Inferring and Applying Def-Use Like Configuration Couplings in Deployment Descriptors (ASE20)

When building enterprise applications on Java frameworks (e.g., Spring), developers often specify components and configure operations with a special kind of XML files named “deployment descriptors (DD)”. Maintaining such XML files is challenging and time-consuming; because (1) the correct configuration semantics is domain-specific but usually vaguely documented, and (2) existing compilers and program analysis tools rarely examine XML files. To help developers ensure the quality of DD, this paper presents a novel approach--Xeditor--that extracts configuration couplings (i.e., frequently co-occurring configurations) from DD, and adopts the coupling rules to validate new or updated files.

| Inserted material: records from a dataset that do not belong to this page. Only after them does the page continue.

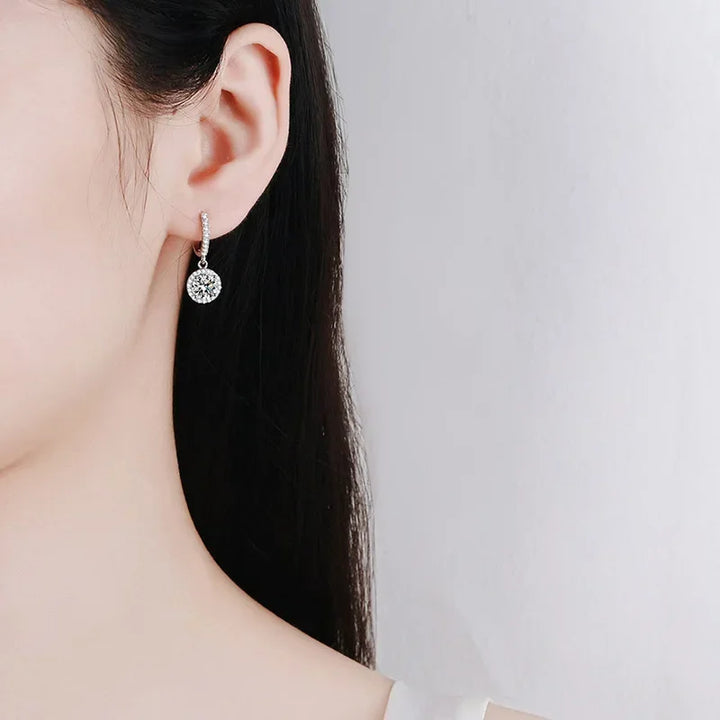 1 Carat Moissanite Earrings in Sterling Silver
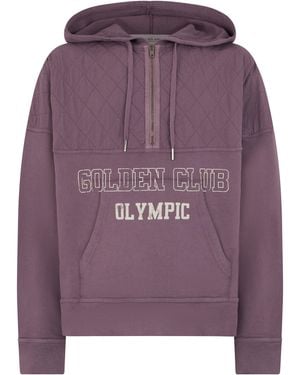 Golden Goose Hoodie With Half Zip Cotton Jumpers - Purple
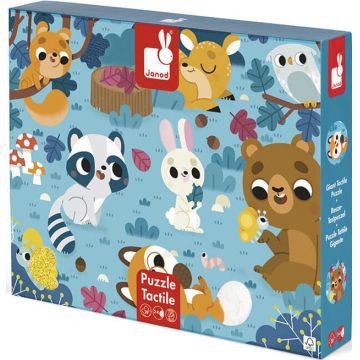 Puzzle tactil pentru copii Janod - Animale de padure, 20 piese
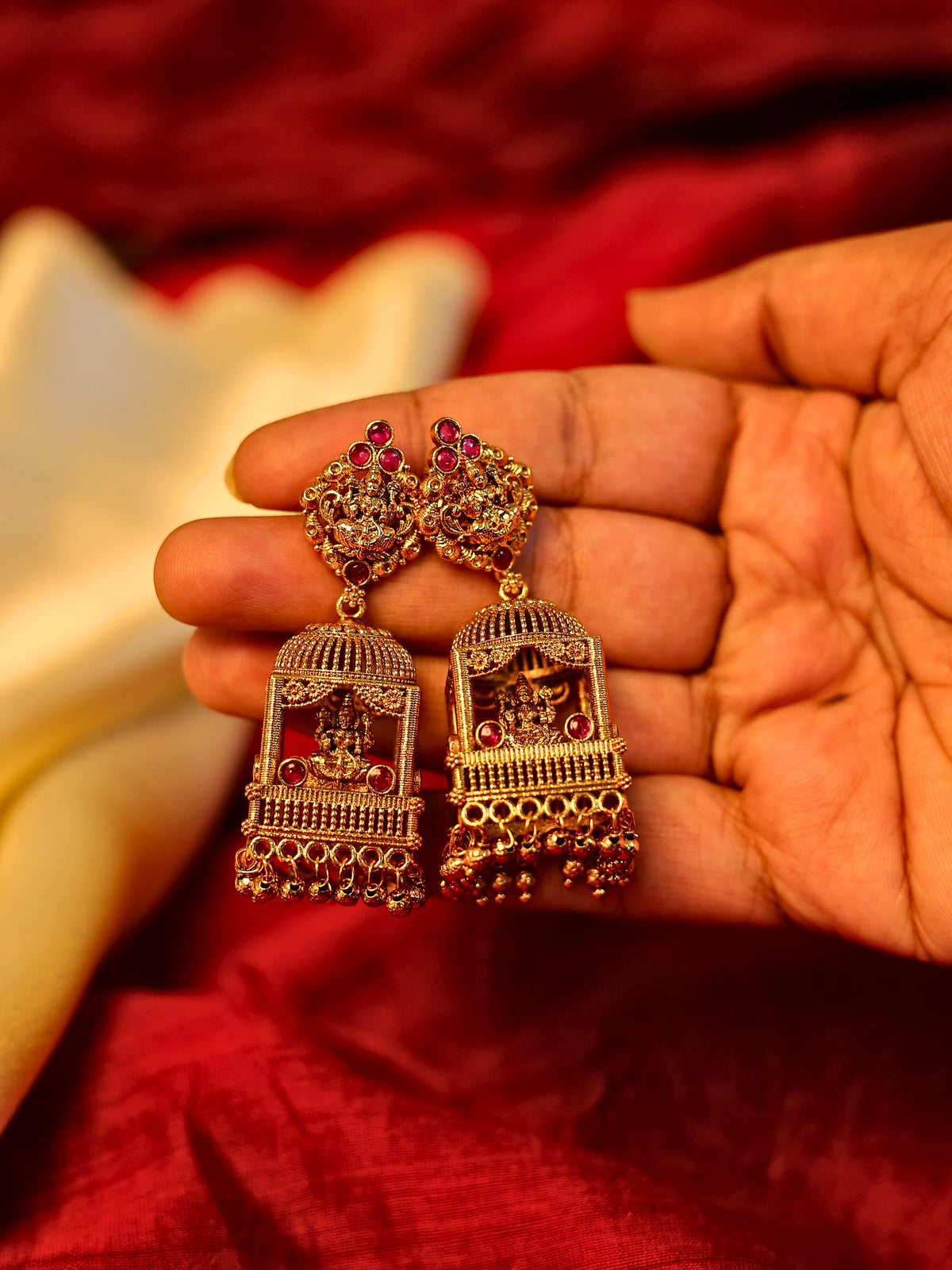 Antique Gold Ruby Red Temple Gopuram Jhumka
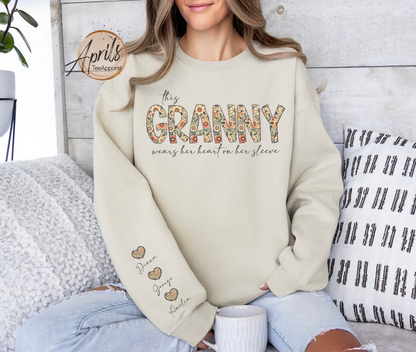 Custom This Grandma Wears Her Heart On Her Sleeve Sweatshirt, Shirt with Names On Sleeve, Mommy Heart Hoodie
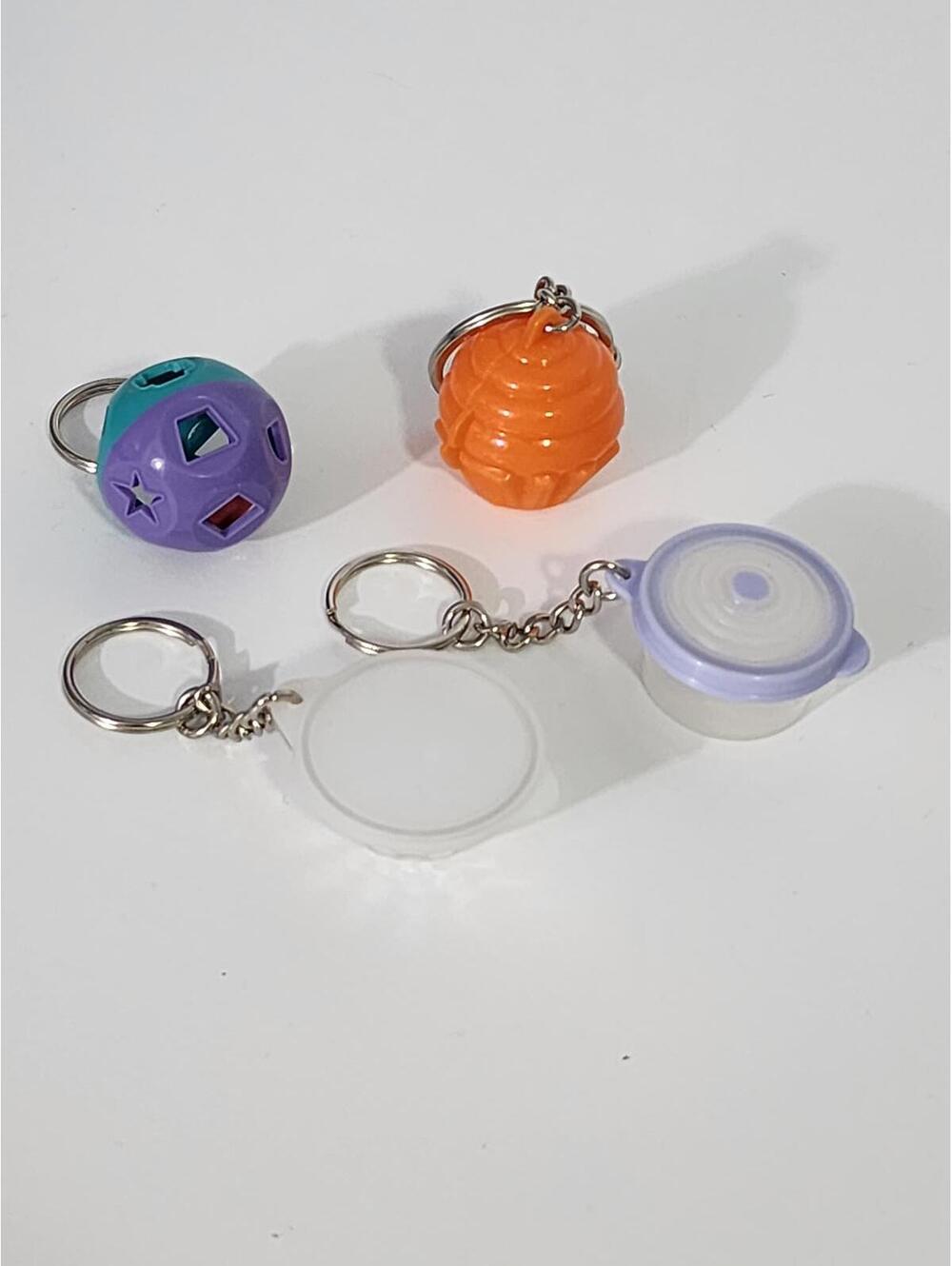 Set of 4 Fun and Unique Tupperware Keychain Toys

Xeditor has two phases, coupling extraction and bug detection. To identify couplings, Xeditor first mines DD in open-source projects, and extracts XML entity pairs that (i) frequently coexist in the same files and (ii) hold the same data at least once. Xeditor then applies customized association rule mining to the extracted pairs. For bug detection, given a new XML file, Xeditor checks whether the file violates any coupling; if so, Xeditor reports the violation(s). For evaluation, we first created two data sets with the 4,248 DD mined from 1,137 GitHub projects. According to the experiments with these data sets, Xeditor extracted couplings with high precision (73%); it detected bugs with 92% precision, 96% recall, and 94% accuracy. Additionally, we applied Xeditor to the version history of another 478 GitHub projects. Xeditor identified 25 very suspicious XML updates, 15 of which were later fixed by developers.

Meditor: Inference and Application of API Migration Edits (ICPC19)

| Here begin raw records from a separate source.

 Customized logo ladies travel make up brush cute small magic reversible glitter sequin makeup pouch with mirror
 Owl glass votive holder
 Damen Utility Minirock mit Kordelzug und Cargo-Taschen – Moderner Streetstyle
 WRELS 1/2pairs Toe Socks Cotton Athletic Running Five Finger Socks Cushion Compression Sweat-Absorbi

Developers build programs based on software libraries. When a library evolves, programmers need to migrate their client code from the library's old release(s) to new release(s). Due to the API backward incompatibility issues, such code migration may require developers to replace API usage and apply extra edits (e.g., statement insertions or deletions) to ensure the syntactic or semantic correctness of migrated code. Existing tools extract API replacement rules without handling the additional edits necessary to fulfill a migration task. This paper presents our novel approach, Meditor, which extracts and applies the necessary edits together with API replacement changes.

Meditor has two phases: inference and application of migration edits. For edit inference, Meditor mines open-source repositories for migration-related (MR) commits, and conducts program dependency analysis on changed Java files to locate and cluster MR code changes. For these changes, Meditor further generalizes API migration edits by abstracting away unimportant details (e.g., concrete variable identifiers). For edit application, Meditor matches a given program with inferred edits to decide which edit is applicable, customizes each applicable edit, and produces a migrated version for developers to review.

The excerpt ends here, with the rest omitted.